Finansal sigortalar dala ivme katacak
Hakan Güldağ – DÜNYA Gazetesi Üst Yöneticisi
Türkiye’de sigorta bölümünde son vakitlerde çok kıymetli gelişmeler yaşanıyor. Her şeyden evvel, kamu sigorta şirketleri birleşti ve bugün birlikte burada bir arada sizlerin karşısında bulunduğumuz Türkiye Sigorta üzere bir dev oluştu. Tıpkı vakitte, bölüm bir düzenleyici şuraya kavuştu ve Sigortacılık ve Özel Emeklilik Düzenleme ve Denetleme Kurumu (SEDDK) kuruldu.

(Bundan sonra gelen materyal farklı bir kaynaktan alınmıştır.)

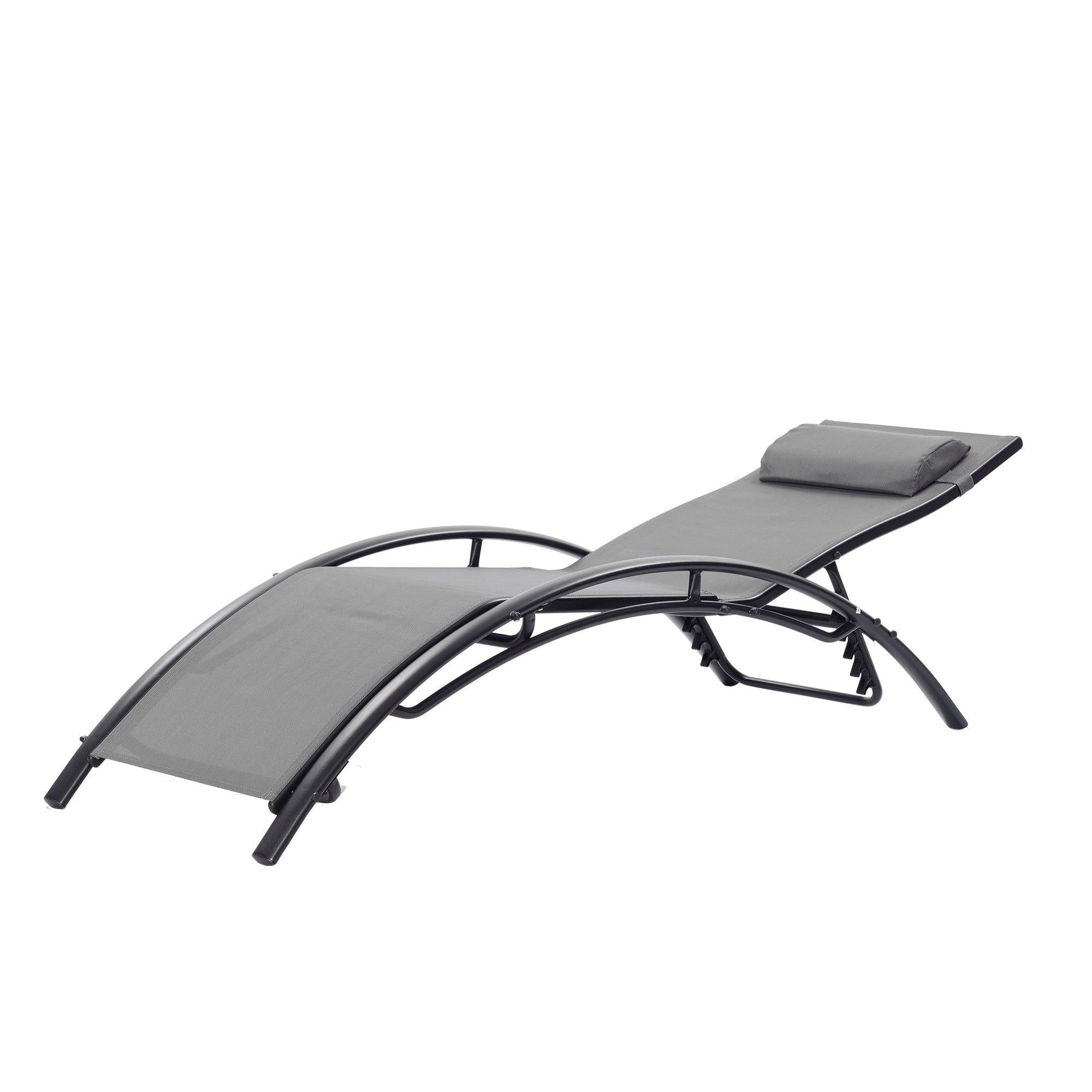 2 PCS Outdoor Chaise Lounge Adjustable Aluminum Arch Recliner Chair - Gray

SEDDK’nın kurulması sonrasında trafik sigortalarında, kişisel emeklilikte, finansal sigortalarda vs. pek çok alanda dalın beklediği değerli düzenlemeler süratle yapılmaya başladı. Biz inanıyoruz ki sigorta bölümünün önü bundan sonra daha da açık. Bilhassa de finansal sigortalar konusunda yaşanan gelişmeleri ve yeni düzenlemeleri yakından takip ediyoruz. Bina tamamlama, ticari alacak sigortaları, banka teminat mektubu yerine geçen kefalet senetleri üzere eserlerin kesimin gelişimi ve büyümesi açısından son derece kıymetli buluyoruz.
Sigortacılık, ülkelerin gelişmesinde kilit rol oynuyor
Vahap Munyar – DÜNYA Gazetesi Genel Koordinatörü
Adana, yalnızca bir tarım kenti değil, ülkemiz endüstrisinde son derece değerli bir rolü olan güçlü sanayi merkezlerimizden biri haline geldi. Yeni yatırımlarla birlikte Türkiye’nin en büyük üretim merkezlerinden birisi haline gelecek. Bu da üretime, istihdama, ihracata yansıyacak. Burada lisana getirilen ve yapılacak olan sanayi yatırımları hiç kuşkusuz sigortacılığın da dikkatini çekiyor. Öbür taraftan, sigortacılık ülkelerin gelişmesinde kilit rol oynayan dalların başında geliyor. Bahsi geçen yatırımları gerçekleştirmek için değerli bir finans kaynağına muhtaçlık duyulacağı aşikâr. İşte güçlü bir sigorta kesimi bu yatırımların fonlanmasında çok önemli rol alabilir. Zira, sigorta şirketleri uzun vadeli fonlar biriktirir ve bunları sermaye piyasalarında kıymetlendirir, kaynak sağlar. Sigorta bölümünü ne kadar büyütürsek, Türkiye’nin büyüme oranına katkısı da o kadar çok olacak. Büyümeye tesir açısından başka bölümlere nazaran çok daha kıymetli bir yere sahip. Bu açıdan değerlendirdiğimizde sigortacılık; topluma ve iktisada, ekonomik kalkınma ve ekonomik büyümeye katkıda bulunmak, şirketlerin finansal açıdan sağlam yapıda olmalarını, asıl fonksiyonlarına yoğunlaşmalarını sağlamak ve kıymetli bir risk transfer aracı olmak üzere çeşitli faydalar sağlıyor.